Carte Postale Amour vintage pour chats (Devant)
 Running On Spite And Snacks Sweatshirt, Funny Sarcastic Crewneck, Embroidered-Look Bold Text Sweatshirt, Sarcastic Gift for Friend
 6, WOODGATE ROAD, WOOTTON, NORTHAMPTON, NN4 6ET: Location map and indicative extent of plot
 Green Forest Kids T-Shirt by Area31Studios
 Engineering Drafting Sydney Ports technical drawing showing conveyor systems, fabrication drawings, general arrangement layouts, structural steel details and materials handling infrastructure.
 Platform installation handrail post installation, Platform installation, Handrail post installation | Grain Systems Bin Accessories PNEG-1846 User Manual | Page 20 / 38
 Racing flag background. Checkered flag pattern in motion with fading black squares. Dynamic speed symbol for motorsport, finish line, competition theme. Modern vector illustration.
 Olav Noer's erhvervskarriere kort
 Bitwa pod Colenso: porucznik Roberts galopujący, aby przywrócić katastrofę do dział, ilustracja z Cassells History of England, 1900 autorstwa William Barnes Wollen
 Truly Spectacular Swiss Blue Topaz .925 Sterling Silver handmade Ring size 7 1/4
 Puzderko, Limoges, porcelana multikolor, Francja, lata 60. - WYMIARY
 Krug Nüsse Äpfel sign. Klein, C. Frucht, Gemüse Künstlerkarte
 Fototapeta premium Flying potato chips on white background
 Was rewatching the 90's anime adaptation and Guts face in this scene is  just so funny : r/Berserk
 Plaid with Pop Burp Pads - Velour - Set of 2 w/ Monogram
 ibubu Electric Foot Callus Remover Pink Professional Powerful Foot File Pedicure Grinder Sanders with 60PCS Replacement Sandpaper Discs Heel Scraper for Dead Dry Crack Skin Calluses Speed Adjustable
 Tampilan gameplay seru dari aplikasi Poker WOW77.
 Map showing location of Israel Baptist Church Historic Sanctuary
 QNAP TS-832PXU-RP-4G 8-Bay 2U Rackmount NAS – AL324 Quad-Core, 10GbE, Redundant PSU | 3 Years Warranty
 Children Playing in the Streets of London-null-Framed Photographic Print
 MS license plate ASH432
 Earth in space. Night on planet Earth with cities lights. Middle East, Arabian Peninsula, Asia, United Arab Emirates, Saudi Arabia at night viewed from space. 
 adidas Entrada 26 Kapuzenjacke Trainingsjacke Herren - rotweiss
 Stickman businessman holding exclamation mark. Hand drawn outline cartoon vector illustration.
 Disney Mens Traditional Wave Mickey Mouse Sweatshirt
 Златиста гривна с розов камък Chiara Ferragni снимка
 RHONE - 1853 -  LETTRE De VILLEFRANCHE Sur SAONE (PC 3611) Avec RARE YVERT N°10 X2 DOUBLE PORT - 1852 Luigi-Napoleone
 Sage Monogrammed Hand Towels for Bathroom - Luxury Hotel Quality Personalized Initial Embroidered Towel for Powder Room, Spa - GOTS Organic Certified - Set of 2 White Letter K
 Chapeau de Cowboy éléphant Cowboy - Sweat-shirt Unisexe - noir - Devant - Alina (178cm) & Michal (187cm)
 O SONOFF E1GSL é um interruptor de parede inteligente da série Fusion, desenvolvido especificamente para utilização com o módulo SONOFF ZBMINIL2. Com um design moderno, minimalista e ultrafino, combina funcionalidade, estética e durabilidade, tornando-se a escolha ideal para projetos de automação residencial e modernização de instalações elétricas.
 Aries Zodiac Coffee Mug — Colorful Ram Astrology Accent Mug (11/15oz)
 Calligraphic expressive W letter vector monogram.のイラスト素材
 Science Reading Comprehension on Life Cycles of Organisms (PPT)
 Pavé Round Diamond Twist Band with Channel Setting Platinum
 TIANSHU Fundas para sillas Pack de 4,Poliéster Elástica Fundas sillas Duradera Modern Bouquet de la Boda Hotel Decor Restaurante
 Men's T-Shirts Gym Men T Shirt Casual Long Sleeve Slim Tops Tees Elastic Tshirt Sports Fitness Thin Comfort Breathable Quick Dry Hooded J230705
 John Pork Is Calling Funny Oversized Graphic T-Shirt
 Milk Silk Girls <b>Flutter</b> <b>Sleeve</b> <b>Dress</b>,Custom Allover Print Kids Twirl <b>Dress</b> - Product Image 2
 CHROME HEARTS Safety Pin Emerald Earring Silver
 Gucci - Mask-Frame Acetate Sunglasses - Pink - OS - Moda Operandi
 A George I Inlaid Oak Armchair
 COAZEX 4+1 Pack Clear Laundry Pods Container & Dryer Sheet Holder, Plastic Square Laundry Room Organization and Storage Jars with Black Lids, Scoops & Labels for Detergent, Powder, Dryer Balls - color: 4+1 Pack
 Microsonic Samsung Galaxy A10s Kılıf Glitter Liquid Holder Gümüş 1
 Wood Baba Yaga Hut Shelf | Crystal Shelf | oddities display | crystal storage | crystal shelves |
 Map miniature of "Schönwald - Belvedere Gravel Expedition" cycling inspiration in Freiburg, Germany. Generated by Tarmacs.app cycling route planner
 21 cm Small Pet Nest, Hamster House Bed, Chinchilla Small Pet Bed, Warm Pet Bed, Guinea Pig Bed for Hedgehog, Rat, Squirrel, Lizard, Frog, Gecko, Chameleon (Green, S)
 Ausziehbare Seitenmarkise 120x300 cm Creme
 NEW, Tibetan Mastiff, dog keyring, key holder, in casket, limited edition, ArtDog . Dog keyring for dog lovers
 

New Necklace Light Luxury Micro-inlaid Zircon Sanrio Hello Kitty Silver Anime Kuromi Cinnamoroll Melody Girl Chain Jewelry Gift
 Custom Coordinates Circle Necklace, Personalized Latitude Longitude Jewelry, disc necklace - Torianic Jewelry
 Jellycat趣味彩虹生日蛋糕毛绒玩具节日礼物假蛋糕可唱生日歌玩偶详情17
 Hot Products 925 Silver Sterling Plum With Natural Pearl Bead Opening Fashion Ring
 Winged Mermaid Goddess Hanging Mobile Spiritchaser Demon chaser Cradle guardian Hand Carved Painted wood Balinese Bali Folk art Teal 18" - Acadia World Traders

———

Take the lines above from the one containing "Engineering Drafting Sydney" to the one containing "Olav Noer's erhvervskarriere kort" and retype them exactly, both ends included, with nothing added.

 Engineering Drafting Sydney Ports technical drawing showing conveyor systems, fabrication drawings, general arrangement layouts, structural steel details and materials handling infrastructure.
 Platform installation handrail post installation, Platform installation, Handrail post installation | Grain Systems Bin Accessories PNEG-1846 User Manual | Page 20 / 38
 Racing flag background. Checkered flag pattern in motion with fading black squares. Dynamic speed symbol for motorsport, finish line, competition theme. Modern vector illustration.
 Olav Noer's erhvervskarriere kort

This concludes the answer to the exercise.